Fisheries scientists say Canada has been expanding its Arctic fishery without understanding very much about it.
And that ignorance could threaten the future of the $65-million turbot fishery off Baffin Island, one of the few bright spots in the Nunavut economy.
"There's just too much guesswork," said George Rose of Newfoundland's Memorial University, whose co-authored work released last week in Iqaluit was contracted by one of Nunavut's fishing corporations and an environmental group.
"We don't have a good way to age the fish. We don't know when they're maturing. We don't know much about their reproduction and even their growth rates. These are kind of fundamentals of fishery science."

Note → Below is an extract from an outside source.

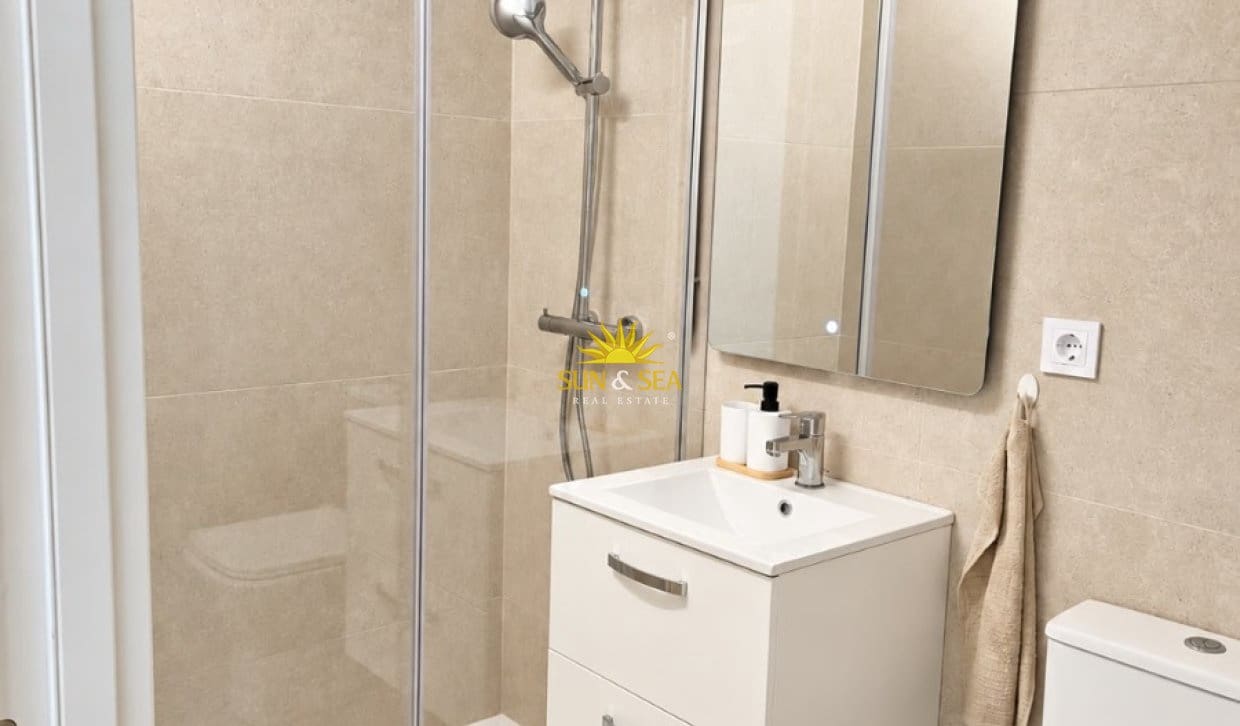 4 camera da letto Appartamento da affitare come casa vacanza in Torrevieja con piscina garage - 1.400 € (Rif: 10103549)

Using industry and government records from 2006 to 2011, Rose concluded that some fisheries vessels are already harvesting too many small fish in violation of federal guidelines.
Those guidelines stipulate not more than 15 per cent of the turbot catch should be smaller than 45 centimetres.
In 2011, more than a third of the haul from trawlers in the northern part of Davis Strait didn't pass that test. Trawlers in the southern end exceeded the level in every year except 2011.
The catch from gill-net vessels were well under the guideline.
"You catch too many small fish and you're going to deplete the stock," said Rose. "What you're doing is robbing future growth in the stock so you won't be able to sustain a fishery at the level that is optimum.
"You're going to decrease the long-term yield by doing that.
"It's not to say we shouldn't have trawlers in the fishery. It's really just to say (that) if there is a small-fish protocol, it should be enforced."
A spokesman from the Department of Fisheries and Oceans wasn't available.
Fishing has become one of Nunavut's success stories. An industry worth about $35 million in 2006 brought in about $65 million worth of fish in 2011.
The total allowable catch has also been increasing. In 2010, the limit in the southern Davis Strait was raised 27 per cent to 7,000 tonnes.
New vessels have entered the industry. Niqitaq Fisheries sent out a newly refurbished vessel in 2011, partially funded by almost $1 million in territorial and federal money. Other ships have been refurbished and expanded.
There are now four companies involved in the turbot fishery off Baffin Island — all Inuit-owned.
But it's all happening without the kind of information needed to tell whether the fishery is sustainable, Rose said.
"It just cries out for more research."
Nunavut also has an emerging shrimp fishery, as well as a small commercial harvest of Arctic char.